Residual superheat is the amount of remaining superheat in the output steam at the desuperheater outlet. Generally process system requirements fall into one of three categories:
No residual superheated steam, saturated steam from the desuperheater is acceptable. This is the easiest system to design for and the least expensive
Critical control of the amount of residual superheat is not required. A range of temperatures above saturation is acceptable
Residual superheat must be controlled very accurately.
By paying close attention to specific design components such as using an electronic temperature controller, correctly sized valves, correct pipe sizing and orientation, etc., 3-5° F of superheat above saturation is required to meet downstream equipment needs
Use the correct componentsThe desuperheater itself is only one component within a correctly designed system. It is common to have ten or more individual components in the system that all work together! So it is easy to see why systems engineering and understanding how the system components interact are paramount to efficient performance. An inlet steam control valve with pressure controller, cooling water control valve and temperature controller, temperature sensing element, piping, and desuperheater are all commonly used components within a desuperheating station which must work together.
A typical mistake that is made in component selection is the under sizing or oversizing of control valves. For example, if a desuperheating station is designed for a 30:1 steam flow turndown, its associated steam control valve must be sized to closely match this flow. If a control valve with a 20:1 turndown is used, it will not allow the system to work properly. Steam temperatures may never be reached as well.
Attention to system design
Correctly sizing the downstream steam line piping will insure adequate low-pressure steam velocity and water evaporation. Superheated steam has a recommended velocity of 100 feet per second to 300 feet per second within a steam distribution system. Because steam is considered a compressible fluid, capacity depends on pipe size and steam pressure and there will always be an associated steam pressure drop for a given size diameter and length of piping. When sizing and selecting steam piping remember to choose the pipe size according to the additional steam flow as a result of added superheat otherwise there will be capacity restraints.
Additional design considerations include spray nozzle cooling water characteristics such as water source, quality, pressure, temperature, and exposure time. The cooling water should come from the boiler feed water (BFW) taken from the pressure side of the boiler feedwater pump. It should be demineralized and deionized so return condensate is an acceptable source also. (Municipal water may be too hard). Water pressure must be equal to or greater than system steam pressure but that amount will vary based upon the type of desuperheater selected. The temperature of the cooling water determines how long it will take for the water to reach its saturation temperature before flashing, how long the droplets remain suspended in the steam, probability of droplet fallout before flashing, and the amount of turndown.

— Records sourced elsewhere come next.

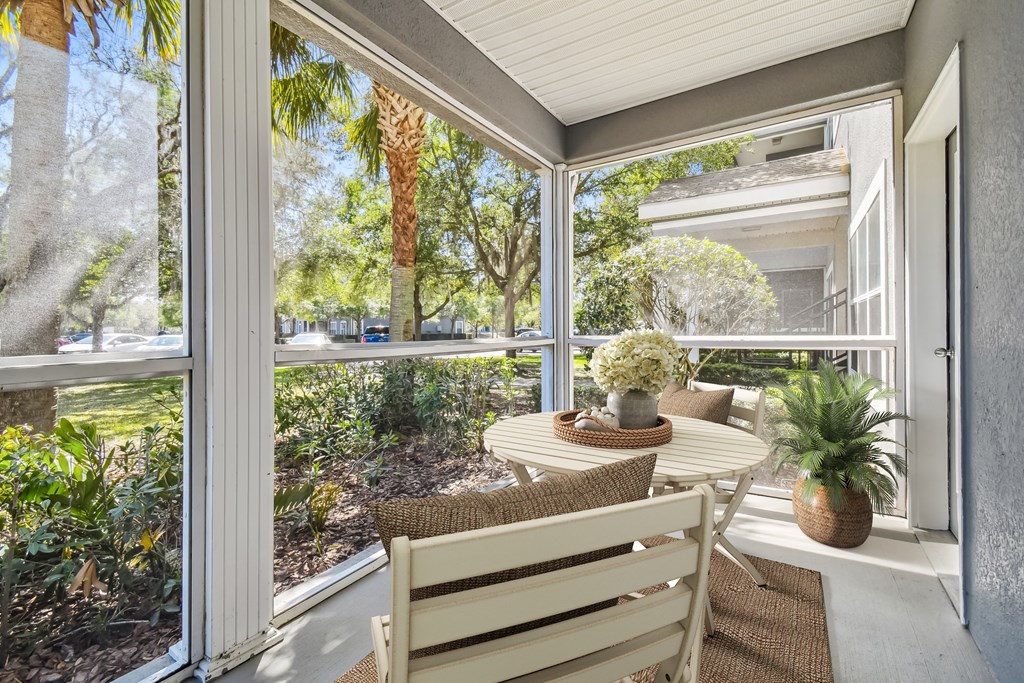 a screened in porch with a table and chairs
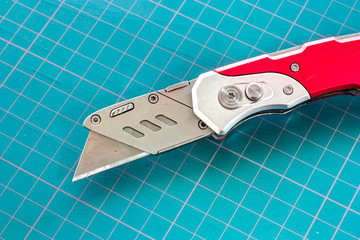 Close up of cutter and cutting mat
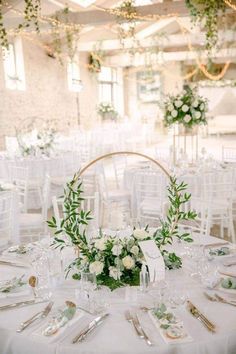 a table set up with white flowers and greenery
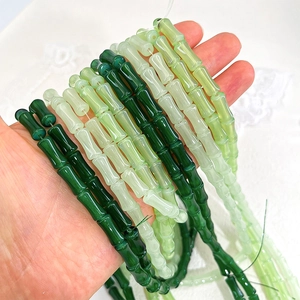 Detailed view of bamboo-shaped glass beads in various green gradients for DIY jewelry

Ideally, water temperatures should be as close as possible to the vaporization point so the higher the better. This improves enthalpy transfer efficiency and the generation of the least amount of additional condensate loading to the distribution system.
Online desuperheater sizing software is now available from various manufacturers to aid in designing desuperheating systems. Consulting a steam system specialist is always recommended before specifying and ordering a desuperheater no matter what technology is used. Like an improperly sized steam control valve or steam trap, the wrong desuperheater will either not allow superheated steam to reach the optimal residual superheat temperature or add water to the condensate system. A good desuperheater system design limits those risks and will ultimately save on improved energy costs gained through efficiency.